Thoughts on [at least] Two Truths & a Lie

There's a party game called Two Truths & a Lie; each person takes a turn & tells-- well, you can probably figure that part out-- and the others have to guess which is which. Perfect theme for this long post on dialethism and esotericism. (Long and somewhat disjointed; I'm posting it to keep track of a few intuitions which may or may not turn out to be well-founded.)

Amod's blog Love of All Wisdom is a blog after my own heart. Generous and rigorous, and catholic (small-'c' catholic) in interests. Recently Amod has been reading Graham Priest, whose thought also figured lately in a discussion over at Jon Cogburn's blog about skepticism and pantheism. Priest has made some interesting arguments for rehabilitating dialethism (the link is to the Stanford Encyclopedia of Philosophy article by Priest), which as the name suggests is a "two-truth" theory, or the notion that there can be true contradictions. Amod's recent post makes a distinction between Priest's version, which is largely a dialethism of signs (propositions are the sorts of things that can contradict each other), and a dialethism like that of Hegel, who, he argues, sees contradictions as inhering in reality, in "the things themselves." Amod traces (or at least, relates) this to a difference between seeing the sentence, or the thing, as the primary truth-bearer. As an instance of the latter, he offers Augustine, according to MacIntyre:

for Augustine it is in terms of the relationships neither of statements nor of minds that truth is to be primarily characterized and understood. “Veritas,” a noun naming a substance, is a more fundamental expression than “verum,” an attribute of things, and the truth or falsity of statements is a tertiary matter. To speak truly is to speak of things as they really and truly are; and things really and truly are in virtue only of their relationship to veritas. So where Aristotle locates truth in the relationship of the mind to its objects, Augustine locates it in the source of the relationship of finite objects to that truth which is God. (Three Rival Versions of Moral Inquiry, p. 110)

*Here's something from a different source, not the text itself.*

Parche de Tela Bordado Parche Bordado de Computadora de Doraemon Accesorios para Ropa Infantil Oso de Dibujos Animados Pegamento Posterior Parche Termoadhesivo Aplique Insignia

I have at least two responses to this citation. First is a desire to preemptively ward off an attack, which (I imagine) takes some such form as: "Truth as a noun, that's at least half the trouble." A comment from Alf is a fair example of what I have in mind here:

Yes, we are able to "show" that abstraction is possible--and yes, we do it by *using* abstractions.
Any time you use language at all, you make concepts out of a reality that isn't a concept at all (as Nietzsche enjoyed pointing out), but you easily *naturalize* this conception-making and mistake it for the real (a la Heidegger's "Age of the World Picture"). I see this approach as necessary to get along in the world (or indeed, to have any "world" as opposed to undifferentiated flux) at all! But it's a strategic fiction, a useful lie that we tell ourselves to give ourselves the comfort of predictability. We nominalize flows to think we grasp them. Our God is a noun--and I find that suspicious.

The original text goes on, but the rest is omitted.